Two of the most devastating neurodegenerative diseases are consequences out of misfolding and aggregation of key proteins-alpha synuclein and beta-amyloid. Although the primary targets for the two proteins are different, they both share a common mechanism that involves formation of pore-like structure on the plasma membrane, consequent dysregulation of calcium homeostasis, mitochondrial dysfunction and oxidative damage. The combined effect of all this factors ultimately leads to neuronal cell death. Whereas beta amyloid acts on the astrocytic plasma membrane, exhibiting a tight dependence to the membrane cholesterol content, alpha–synuclein does not distinguish between type of membrane or cell.
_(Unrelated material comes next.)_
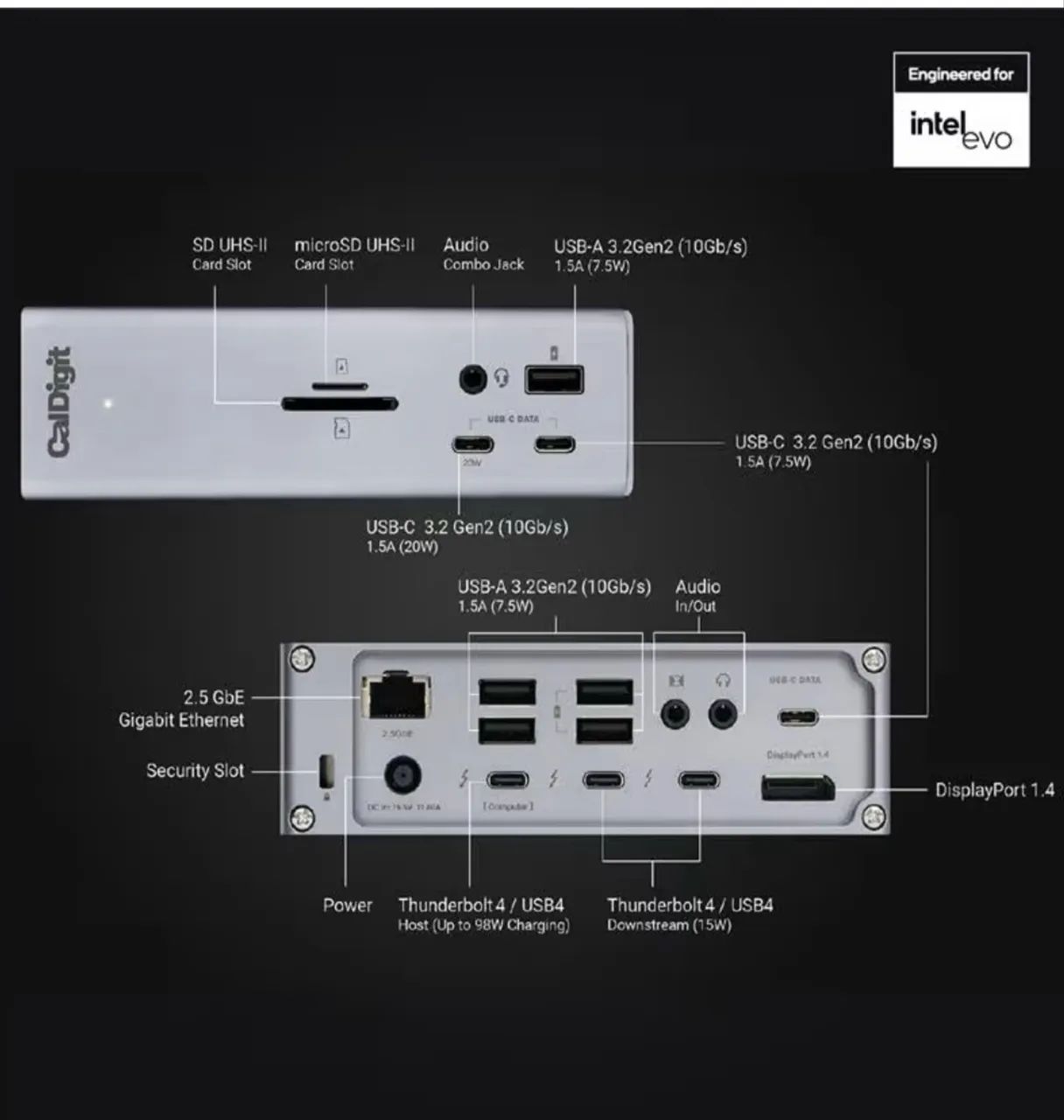 CalDigit TS5 Thunderbolt 5 Dock para MacBook Mac Mini Mac Studio - Nova Pronta Entrega - Foto 4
Additionally, oligomeric forms of both proteins produce reactive oxygen species through different mechanisms: beta-amyloid through activation of the NADPH oxidase and alpha-synuclein through non-enzymatic way. Finally, both peptides in oligomeric form induce mitochondrial depolarisation through calcium overload and free radical production that ultimately lead to opening of the mitochondrial permeability transition pore and trigger cell death.

Type: Article
Title: Alpha-synuclein and beta-amyloid different targets, same players: calcium, free radicals and mitochondria in the mechanism of neurodegeneration
Open access status: An open access version is available from UCL Discovery
DOI: 10.1016/j.bbrc.2016.07.103
Publisher version: http://dx.doi.org/10.1016/j.bbrc.2016.07.103
Language: English
Additional information: This version is the author accepted manuscript. For information on re-use, please refer to the publisher’s terms and conditions.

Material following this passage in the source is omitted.